Internal Facebook documents released by a U.K. parliamentary committee offer the clearest evidence yet that the social network has used its enormous trove of user data as a competitive weapon, often in ways designed to keep its users in the dark.
Parliament's media committee accused Facebook on Wednesday of cutting special deals with some app developers to give them more access to data, while icing out others that it viewed as potential rivals.
The U.K. committee released more than 200 pages of documents on the tech giant's internal discussions about the value of users' personal information.

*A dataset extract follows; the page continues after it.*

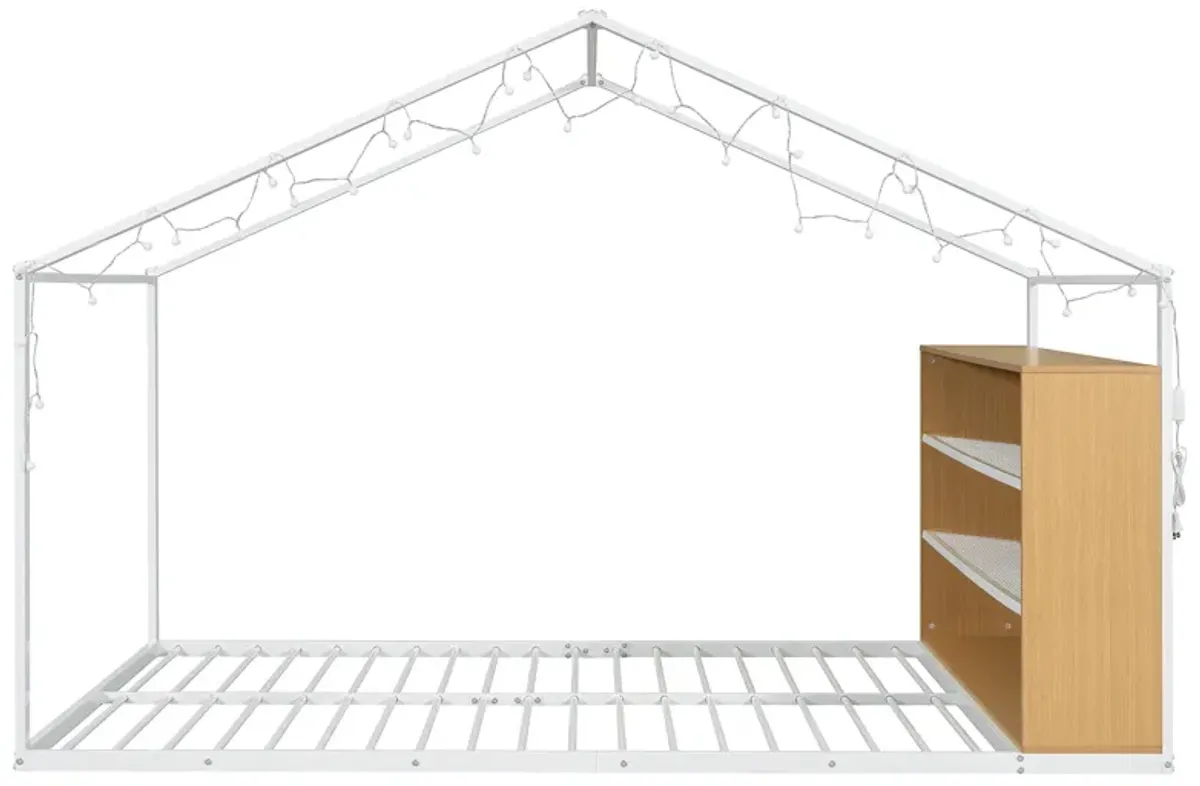 Merax Metal Frame House Bed with Storage Shelves and LED Lights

While they mostly cover the period between 2012 and 2015 – the first three years after Facebook went public – they offer a rare glimpse into the company's inner workings and the extent to which it used people's data to make money while publicly vowing to protect their privacy.
Facebook called the documents misleading and said the information they contain is “only part of the story.”

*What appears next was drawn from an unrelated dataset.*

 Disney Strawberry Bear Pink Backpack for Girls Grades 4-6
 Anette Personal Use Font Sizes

“Like any business, we had many internal conversations about the various ways we could build a sustainable business model for our platform,” the company said in a statement. “But the facts are clear: We've never sold people's data.”
The U.K. committee seized the documents from app developer Six4Three, which acquired the files as part of a U.S. lawsuit that accuses Facebook of deceptive, anti-competitive business practices. The documents remain under court seal in the U.S.

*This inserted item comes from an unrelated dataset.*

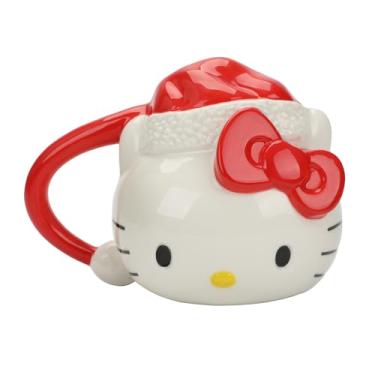 Imagem de Bioworld Hello Kitty Chapéu de Papai Noel 473 ml Caneca de personagem esculpida em cerâmica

The committee said Facebook “whitelisted,” or made exceptions for companies such as Airbnb and Netflix, that gave them continued access to users' “friends” even after the tech giant announced changes in 2015 to end the practice.
The cache includes emails from Zuckerberg and other key members of his staff. The emails show Zuckerberg and other executives scheming to leverage user data to favor companies not considered to be threats and to identify potential acquisitions.